This book is another “practical” introduction to the Z formal specification language. How does it compare with John Wordsworth’s Software Development with Z (Addison-Wesley 1992)? Here is Wordsworth introducing subsets and power sets: “One set is said to be a subset of another if all the members of the one are also members of the other.... The power set of a set ... is the set of all its subsets.” And here is Bryan Ratcliff: “Since a set is itself a (structured) value, it must have a type and hence belong to a set itself.... [I]f we declare ... setOfInt to be a ‘set-of-integers variable’ ... setOfInt can be any set whose elements are integers ... To declare setOfInt, we would use the powerset operator [thus] ... setOfInt : PZ. For this to make sense, the expression PZ must denote a set whose elements are sets themselves ... PZ must therefore denote the set of all possible sets which can be constructed from the elements of Z – that is, all different possible subsets of Z.”

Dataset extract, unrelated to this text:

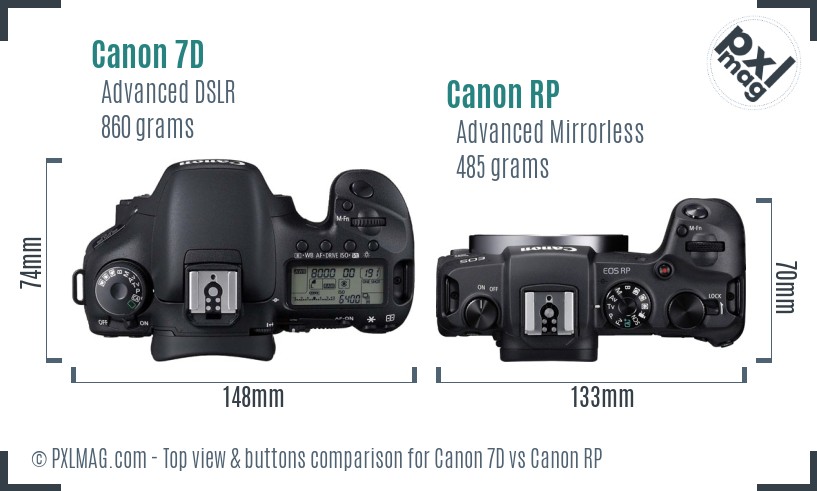 Canon 7D vs Canon RP top view buttons comparison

Z is a very large and complex notation for set theory, along with a schema language that facilitates its application to imperative programs. Any introduction – “practical” or not – has to convey a huge amount of theory. Alas, Ratcliff is neither logically nor linguistically up to the task. He remarks: “We often speak of a set ‘containing’ a member.... but you should understand that, strictly, a set is its constituent members and is not some kind of ‘container’ with a certain contents (sic).” But if that were so, the empty set would be nothing; and Ratcliff would be wrong to assert that a set and its power set could have no common member: if x is a member of s then {x} is a member of the power set of s, but if a set is its members, {x} is x, which is therefore also a member of the power set of s. Nor is this an isolated mistake: he uses “substitute” to mean “replace”; he uses “axiom” to mean “atomic well-formed formula”; he says that a mathematical variable “denotes a unique element”, which may be “non-specific” – which of the integers is it that is non-specific? He has heard about some problem of confusing logic with metalogic, so objects to the perfectly proper use of truth functions like “Ù” (and) in metalogical propositions; but he says that tautologies are “propositional laws (of the predicate logic)”, and identifies the formula, “PÚ¬P”, with the Law of Excluded Middle.

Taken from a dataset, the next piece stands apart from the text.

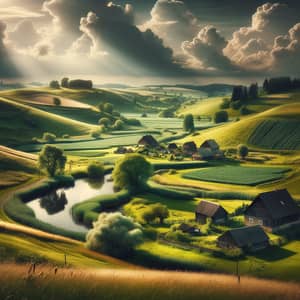 Tranquil Countryside Landscape: Green Fields & Cozy Farmhouses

Unfortunately, the whole subject of formal specifications is riddled with confusion; worse confounded by Ratcliff. Firstly, the use of mathematics (rather than merely logic) does not bring rigour; mathematicians are notoriously non-rigorous; their notion of “set” was shown incoherent by Russell and (they hope but cannot tell) can be saved from contradiction only by some ad hoc adjustment of the theory, which, in the case of Z, unfortunately prohibits sets having members of different types. Secondly, in formal systems, as in life, a good maxim is: take what you like and pay for it. If we take all the power of set theory, it is no use complaining that we have had to sacrifice any mechanical theorem prover (but has Professor Dijkstra taught us nothing of simplicity and weakness?) Thirdly, the concepts of notation and formality are entirely orthogonal: nothing prevents us writing formal, unambiguous statements in English. How could it? Perhaps taught by a good introduction to Z, we write such statements in a formal notation and translate the notation into English: there are the required English statements – technical and “human-understandable”. At least, they are understandable if we avoid Z-locutions like “The set of cats is a member of the power set of the set of animals”, and say instead, “Each cat is an animal.” But perhaps some people’s grasp of English precludes all logic, formal or informal. Ratcliff interprets “he and she do not love each other” as “he does not love her and she does not love him”; and from his major case study scenario, on Van Hire, which makes no mention of fuel, he concludes that if one transit van runs on diesel so does any other.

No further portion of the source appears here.